Oh nonsense. Yes, bankers deserve blame. But I was in Phoenix during the bubble, and I know tons of people who knew very well that this was a gamble. Bankers should pay, but so should the homeowners - speculators! - who thought they could flip a home before the adjustable rates kicked in. See my reply to Ocean.

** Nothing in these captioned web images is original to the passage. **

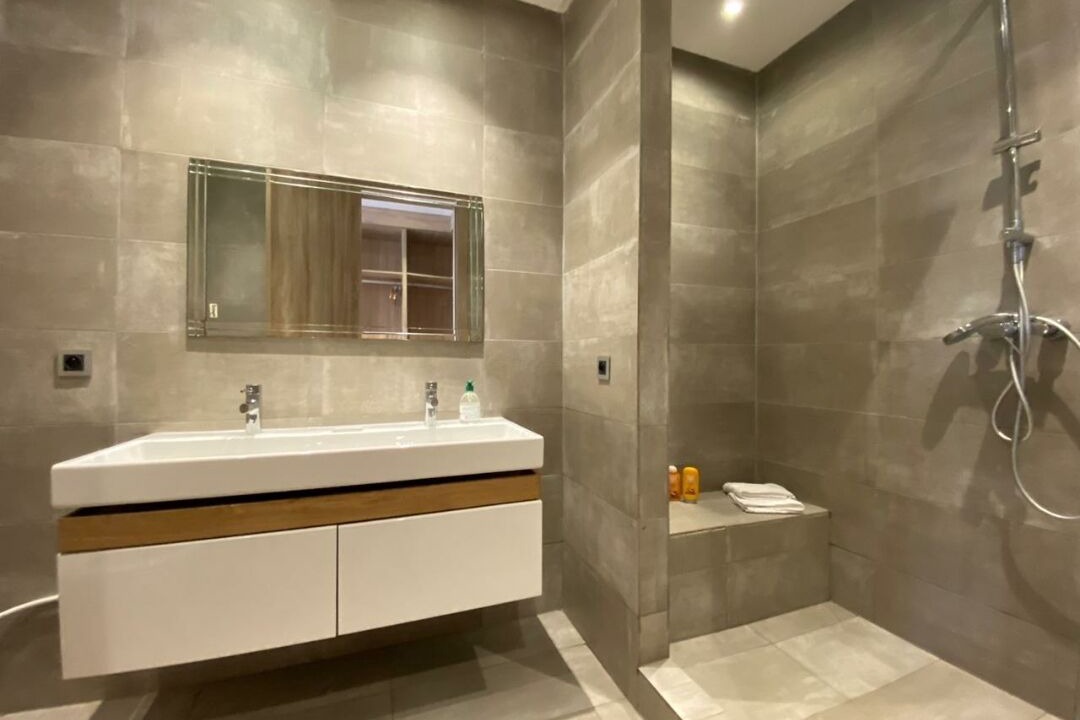 Photo of Bathroom in Tamariss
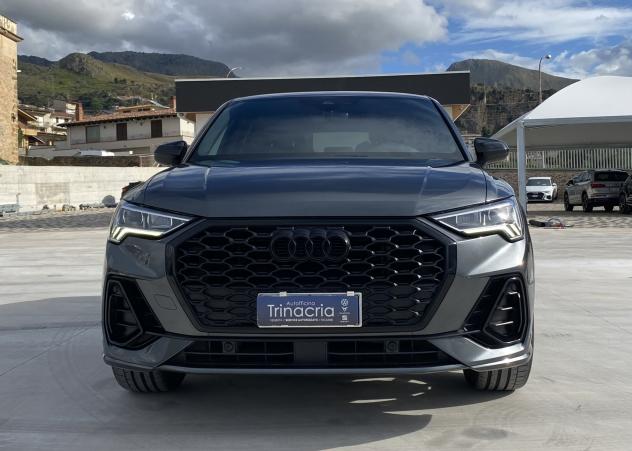 Audi Q3 SPB S Line interno ed esterno 2.0 TDI 150CV S-Tronic 35 - Foto 2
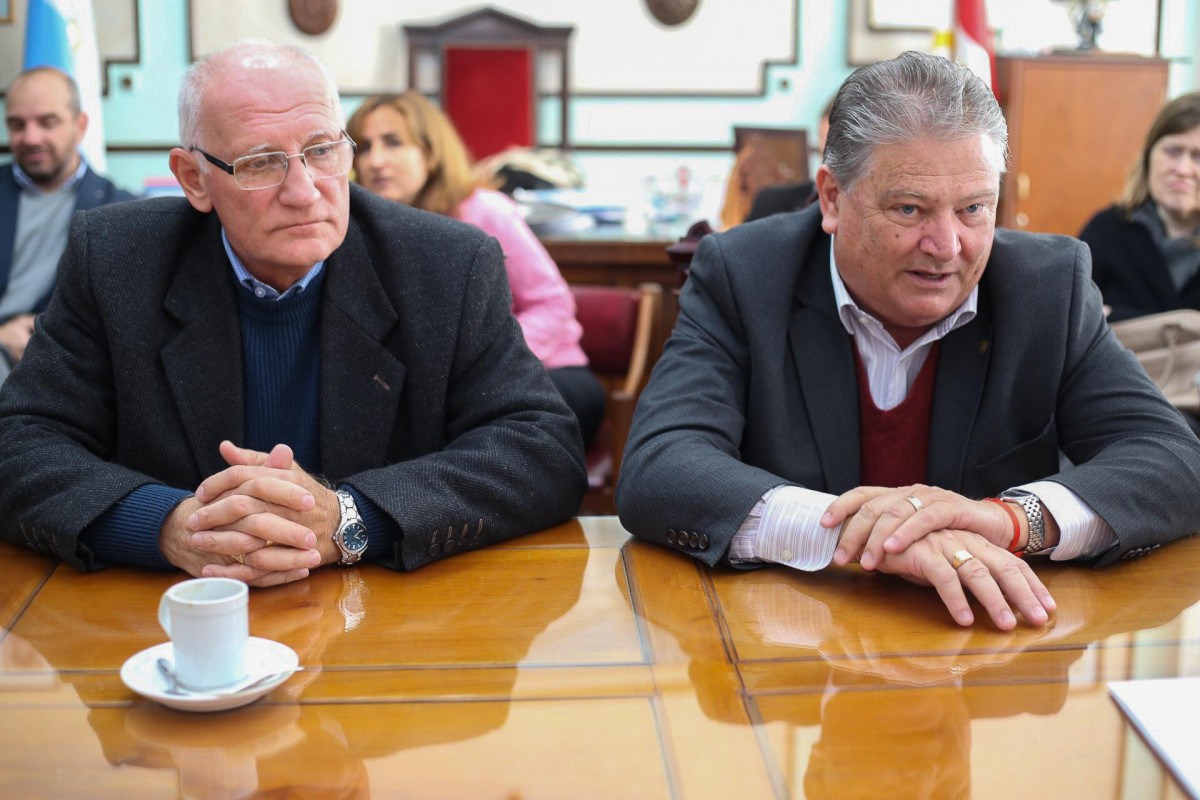 FASCENDINI PRESIDIÓ FIRMA DE CONVENIOS EN BENEFICIO DE LOCALIDADES DE LAS COLONIAS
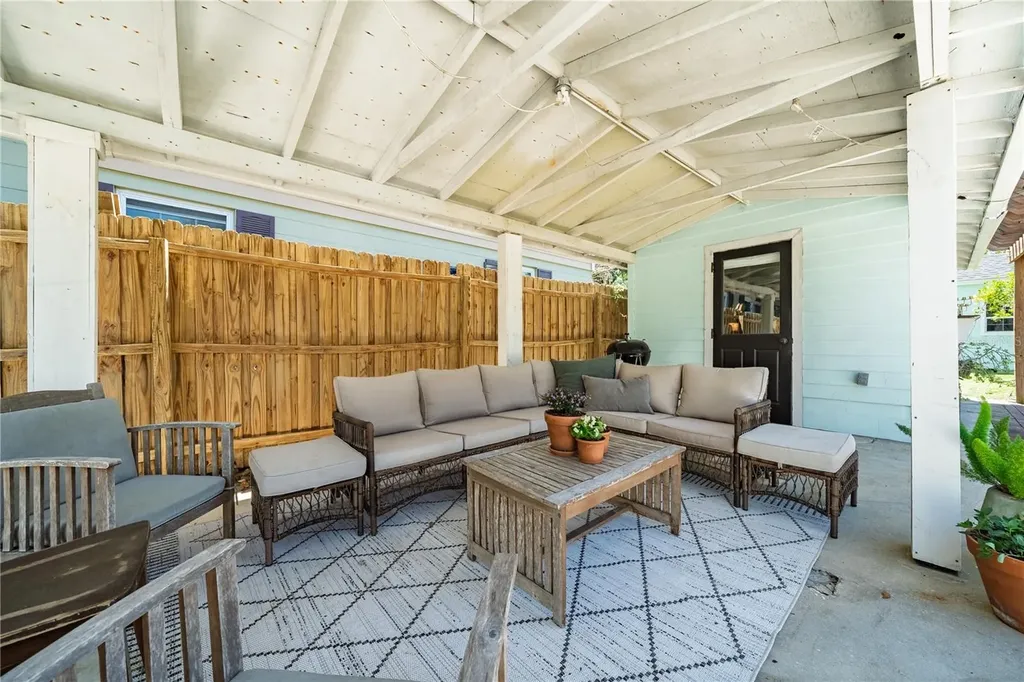 2504 Harrison Avenue Orlando FL 32804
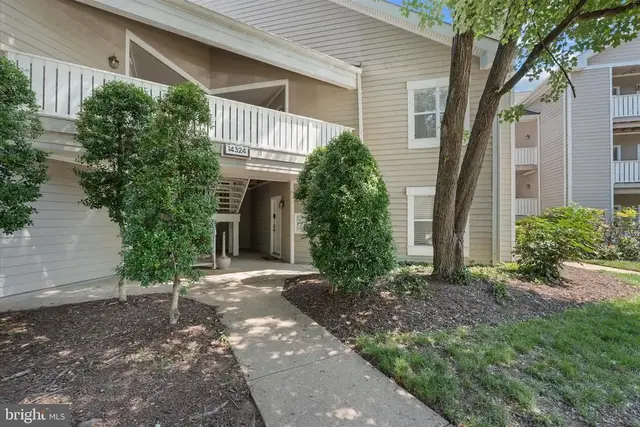 14324 Climbing Rose Way #201, Centreville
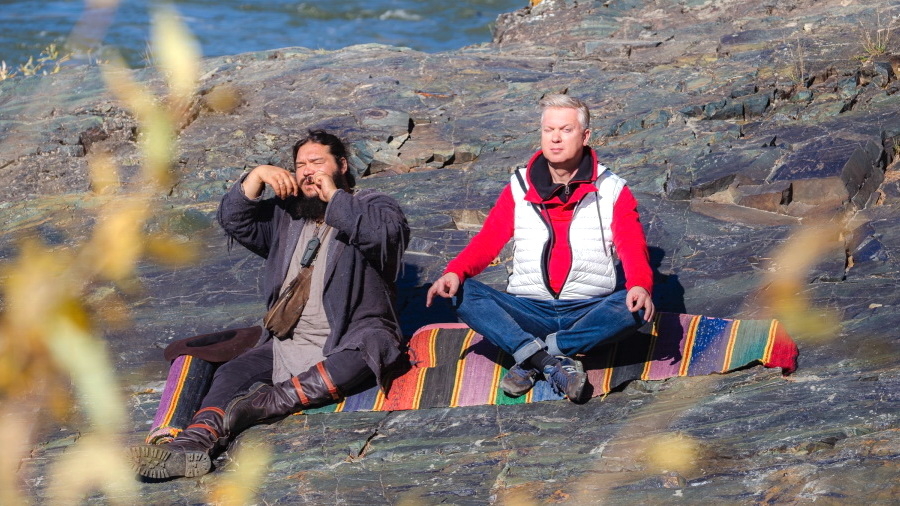 Сергей Светлаков снялся в клипе алтайского исполнителя этно-музыки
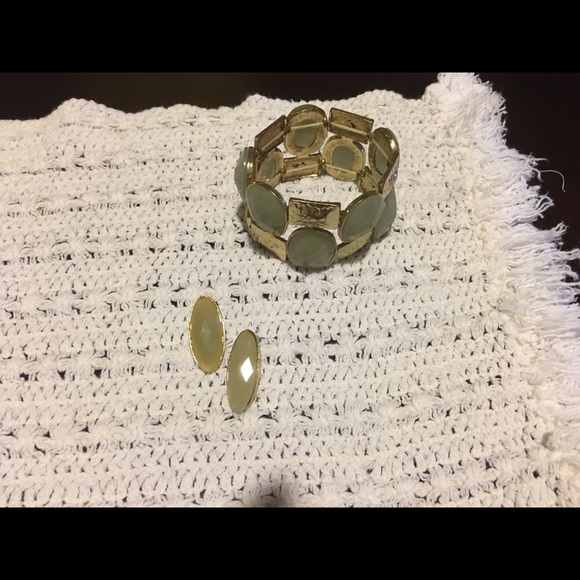 Gold And Grey Bracelet with earrings - Picture 1 of 3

AemJeff wrote on 10/04/2008 at 07:56 PM
Re: The Week in Blog: Criticizing Your Own Team
Quoting Ocean: Yes, I see your point and agree. I can also see by reading other posts that identifying this issue can be misleading and some may generalize too quickly. The reality is that the solution doesn't lie in blaming individuals who anecdotally may have contributed to this mess. The root of the problem still resides in a deregulated industry where there were no safeguards and deception became the rule of the game. Yeah. Precisely.
nikkibong wrote on 10/04/2008 at 08:06 PM
Re: The Week in Blog: Criticizing Your Own Team
Why is "criticizing ones own team" considered such a virtue? Andrew Sullivan even gives one of his "awards" for it. (No, even I don't know why I continue to read him.) More often than not, "criticizing ones own team" is merely a show of self aggrandizment. (Read: Lieberman, Joe.) Or, it's what spineless politicians with no real ideology do, and then cast it as a heroic act. (Read: Lieberman, Joe.)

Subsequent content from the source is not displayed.